Envy - A Dead Sinking Story (Cover Artwork)


A Dead Sinking Story (2003)

Level Plane

I recently remarked to a friend that passion is the reason I love music so much. Rock and roll has, for me, always been a story of danger and adventure. It's kind of like pirates, but with a few more guitars. Anyways, technical proficiency and complicated poetry can only get a band so far. I can certainly dig rockin' solos and artful wordplays, but if the artist doesn't get out there and rock it from the soul, then I won't see anything but a guilty pleasure or worse. This passion is precisely why I love bands like Envy. They have soul like none other, and they rock it hardcore.

A Dead Sinking Story is a fit of intensity. It is epic in design and brutal in delivery. The downpour of emotion is accented throughout the album by poetically moving stretches. The long passages of building up or cooling down give an almost tangible weight to the fury of the harder moments. The reconciling of ambition with passion is what gives character to Envy's music.

Tetsuya Fukagawa's vocal outbursts bring both honesty and pain to the music, no matter the language (it is worth noting that all of the lyrics are translated into English in the booklet). The screaming is often devastating when combined with the wonderful precision of the rhythm section and rambling guitar work. Although his lack of diversity begins to shine through on some of the longer passages, long sections of spoken word and ambient feedback inject variety in sound throughout the hour. Some may say that these long, quiet interludes tend to drag on too long, but I find them to be a wonderful contrast to the intense moments, both as juxtaposition and as a compliment.

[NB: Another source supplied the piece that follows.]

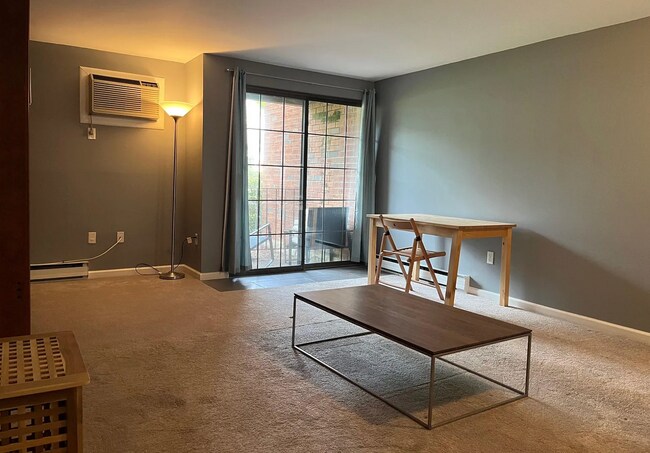 Building Photo - 42 N Main St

If you're a fan of American groups like Taken, City Of Caterpillar, and Shai Hulud, you really owe it to yourself to pick this album up. Even casual fans of hardcore should at least give this album a listen; it rocks on every level, hard to soft. If you aren't accustomed to the genre, you may not be ready for how much visceral power there is in the music, but it's the perfect start to see the beautiful side of rock and roll passion.